**INSTRUCTIONS TO FOLLOW**
Transcribe exactly the lines below that begin at the line with "<!--gsd15-->" and stop after the line with "Jereme Knibbs - BS", leaving out every picture.

**RECORDS FOR THIS TASK**

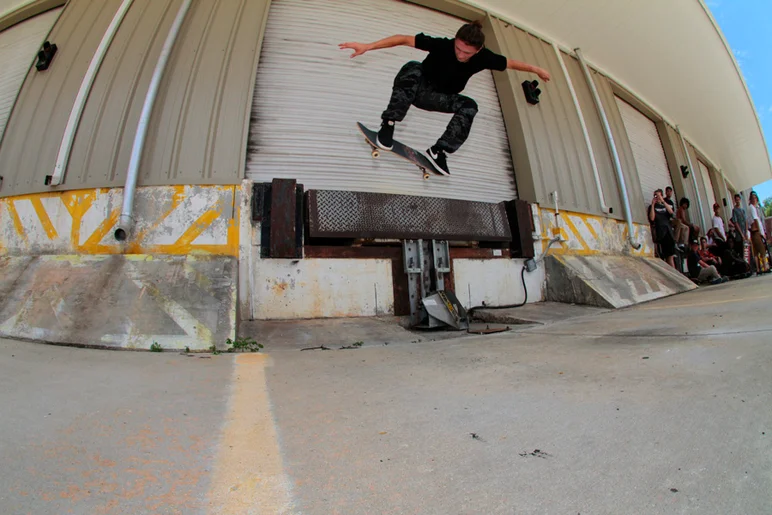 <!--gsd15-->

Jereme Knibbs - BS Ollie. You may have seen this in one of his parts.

--

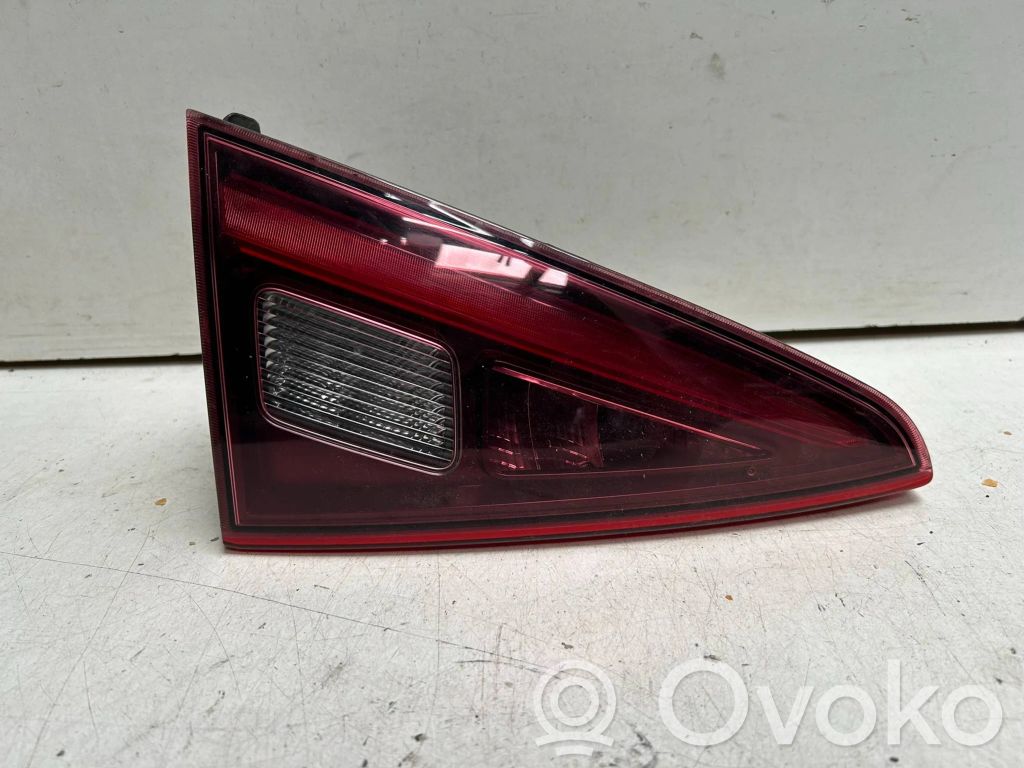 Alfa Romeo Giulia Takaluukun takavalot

**RESPONSE AREA**
 <!--gsd15-->

Jereme Knibbs - BS Ollie. You may have seen this in one of his parts.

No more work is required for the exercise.